Another possible cause is compensatory smoking behaviour, i.e. less inhalation in heavy smokers. Similar associations of CPD and cotinine including a flattening were shown for smokers of cigarettes with regular compared to reduced nicotine content [27]. Most studies on compensation investigated effects of nicotine reduced cigarettes, but not separately for light/heavy smokers, and with different results [35,36,37]. In a comparison of large surveys with over two decades in between, cotinine concentrations remained constant while CPD substantially decreased, which was attributed to compensatory smoking [38].
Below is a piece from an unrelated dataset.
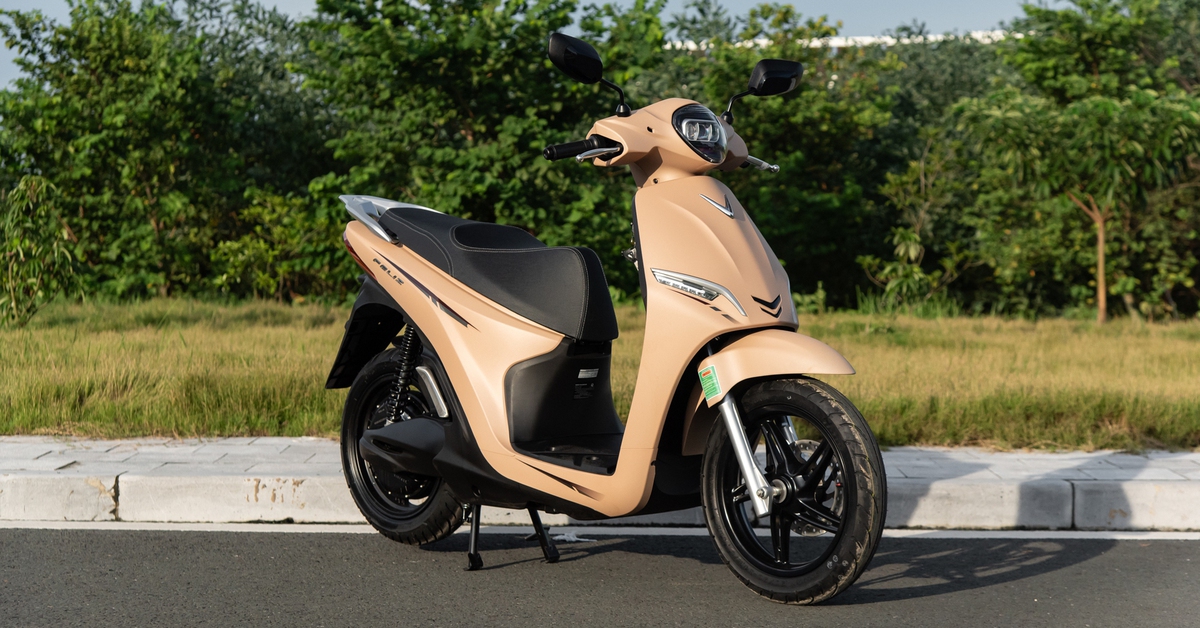 Chi tiết VinFast Feliz hai pin: Dáng cao ráo hợp nhiều người dùng, chạy tới 262km/sạc, cốp 34 lít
Finally, information bias of self-reported CPD could lead to flattening CPD-cotinine-curves, assuming an underreporting of CPD in the middle CPD section with corresponding high cotinine values. An independent effect of SES on cotinine would have indicated information bias, whereas in particular biological saturation should not differ by SES. Stronger compensation could also be associated with lower SES due to higher nicotine dependence [10, 39] or financial reasons [30, 40]. I.e., being financially restricted could increase pressure to satisfy nicotine needs with a relatively lower number of cigarettes per day, with 20 CPD being more frequently reported for low SES in our study. However, we found only a weak association between SES and cotinine either with or without adjustment for CPD.